(EXTRACTED DATA)
════════════════
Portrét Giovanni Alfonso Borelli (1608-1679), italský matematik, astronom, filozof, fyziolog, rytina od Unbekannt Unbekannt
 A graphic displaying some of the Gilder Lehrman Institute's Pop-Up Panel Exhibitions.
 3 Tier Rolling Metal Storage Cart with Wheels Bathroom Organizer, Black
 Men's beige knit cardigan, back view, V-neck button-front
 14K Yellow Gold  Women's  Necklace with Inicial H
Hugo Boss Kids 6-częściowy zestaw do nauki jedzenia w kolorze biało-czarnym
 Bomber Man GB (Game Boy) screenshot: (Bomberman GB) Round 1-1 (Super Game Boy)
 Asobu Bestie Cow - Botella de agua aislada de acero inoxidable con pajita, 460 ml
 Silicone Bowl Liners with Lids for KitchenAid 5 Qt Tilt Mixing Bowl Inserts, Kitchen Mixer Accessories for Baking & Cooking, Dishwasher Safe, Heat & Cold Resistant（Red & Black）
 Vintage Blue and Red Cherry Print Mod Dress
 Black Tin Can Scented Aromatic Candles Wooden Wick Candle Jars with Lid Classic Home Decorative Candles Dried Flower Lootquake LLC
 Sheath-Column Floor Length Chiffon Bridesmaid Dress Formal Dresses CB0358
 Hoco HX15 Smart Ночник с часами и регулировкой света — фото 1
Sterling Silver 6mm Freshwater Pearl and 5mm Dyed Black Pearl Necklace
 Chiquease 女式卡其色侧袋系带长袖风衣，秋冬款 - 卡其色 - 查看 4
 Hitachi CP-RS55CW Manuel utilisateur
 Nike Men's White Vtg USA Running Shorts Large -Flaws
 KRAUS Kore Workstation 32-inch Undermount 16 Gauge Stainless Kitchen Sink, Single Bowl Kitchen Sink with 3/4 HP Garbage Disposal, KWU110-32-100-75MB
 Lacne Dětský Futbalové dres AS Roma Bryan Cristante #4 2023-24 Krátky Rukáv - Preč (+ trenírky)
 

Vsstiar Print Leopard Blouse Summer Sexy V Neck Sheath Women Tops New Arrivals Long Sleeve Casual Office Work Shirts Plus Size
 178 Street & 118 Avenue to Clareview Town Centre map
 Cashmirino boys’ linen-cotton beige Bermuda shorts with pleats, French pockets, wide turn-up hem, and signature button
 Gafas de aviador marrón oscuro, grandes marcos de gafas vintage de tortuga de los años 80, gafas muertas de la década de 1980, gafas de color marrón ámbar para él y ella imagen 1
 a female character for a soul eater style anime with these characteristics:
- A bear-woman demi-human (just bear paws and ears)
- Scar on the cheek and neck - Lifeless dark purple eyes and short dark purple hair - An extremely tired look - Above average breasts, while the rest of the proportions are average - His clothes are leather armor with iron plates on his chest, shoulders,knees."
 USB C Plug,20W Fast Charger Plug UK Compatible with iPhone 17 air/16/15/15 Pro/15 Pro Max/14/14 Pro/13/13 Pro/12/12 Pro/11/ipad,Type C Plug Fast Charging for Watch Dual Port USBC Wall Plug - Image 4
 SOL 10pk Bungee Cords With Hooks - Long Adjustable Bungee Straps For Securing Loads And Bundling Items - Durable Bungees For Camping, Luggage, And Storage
════════════════
(THE PROBLEM)
Using the data above, restate word for word the lines from its opening line through the line that contains "A graphic displaying", and no more.

(RESULT OF THIS TASK)
Portrét Giovanni Alfonso Borelli (1608-1679), italský matematik, astronom, filozof, fyziolog, rytina od Unbekannt Unbekannt
 A graphic displaying some of the Gilder Lehrman Institute's Pop-Up Panel Exhibitions.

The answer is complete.